Svenska Bibelsällskapets provöversättning i ett internationellt perspektiv.

Authors

  • Dan Nässelqvist

Abstract

This article examines the Swedish test translation of Luke 9:51–19:28 and Galatians, which was published by the Swedish Bible Society in 2015. It analyzes how and to what extent the translators apply the fundamental translation principle (moderate formal equivalence) and the six translation directives (on concordance, figures of speech, rhythm, modern language, gender-inclusive language, and faithfulness towards cultural differences) set forth by the Bible Society. It also compares the translation with a current international discussion on Bible translation. Although the directives are often ill-defined and too brief, the translators generally follow them satisfactorily. They could, however, have gone further in their application of concordance and gender-inclusive language. The translation directive on rhythm is especially difficult to implement, since it is incomprehensible without a broader discussion on sound quality, repetition, rhythm, and style and how these interact to convey the meaning of ancient texts, which were regularly composed for oral delivery.

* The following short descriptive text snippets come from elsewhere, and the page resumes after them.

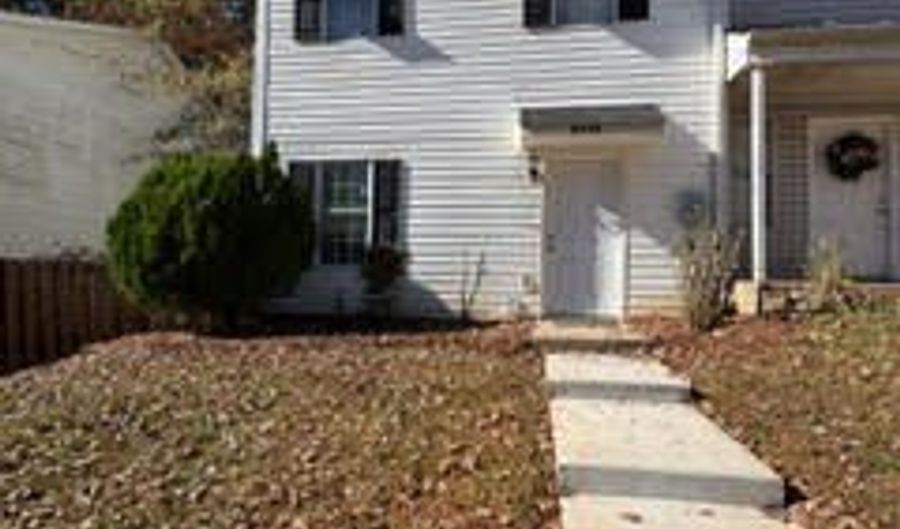 7224 Crestside Dr 1, Austell, GA 30168 - 2 Beds, 2 Bath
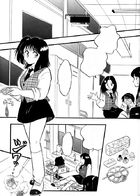 Be responsible! 責任とってね！ : Chapter 1 page 7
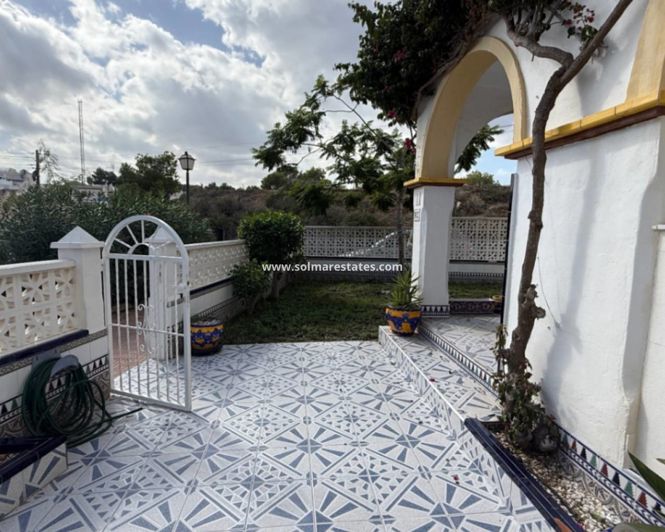 Image No.16-2 Bed Townhouse for sale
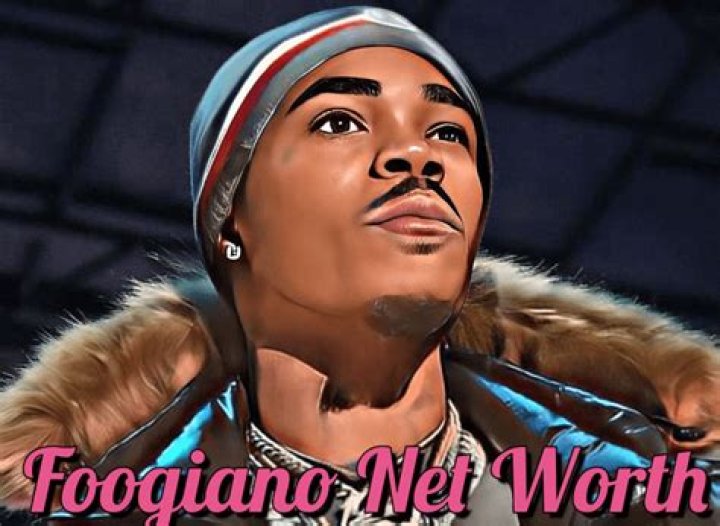 All About Foogiano | Age, Net Worth, Relationship, Career
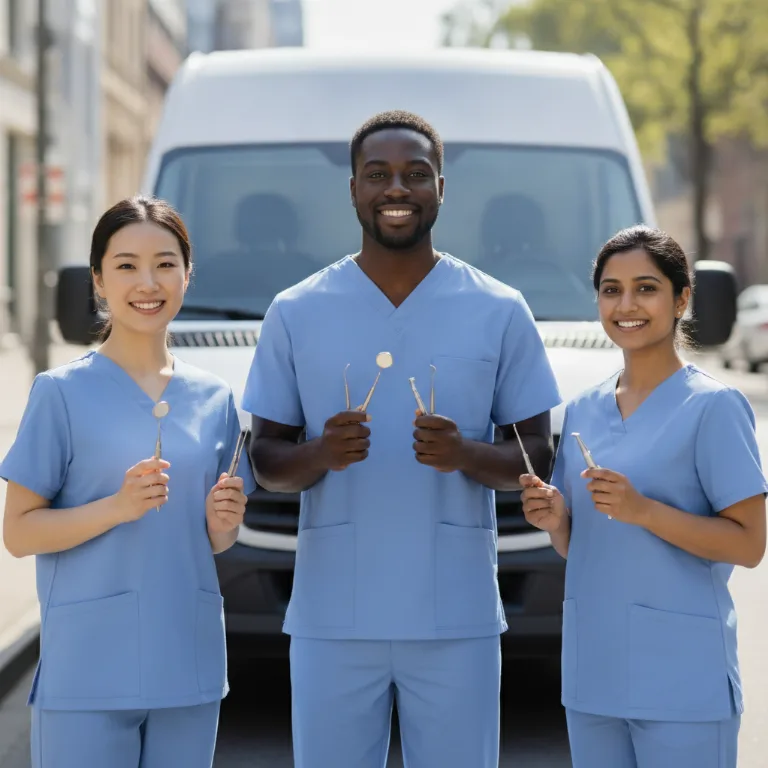 Dentist Stourbridge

The Swedish Bible Society has made a bold decision—and one that is warranted by conclusions drawn from an international discussion on Bible translation—in aiming for a moderate functional equivalent translation which employs gender-inclusive language of a basic type (when the meaning of the source text in clearly gender-inclusive, even if it is expressed with gender-specific language). Much remains to be done in terms of explaining why and how the next major Swedish Bible translation should have these characteristics, yet from the reasoning in this article the decision is both timely and well-founded.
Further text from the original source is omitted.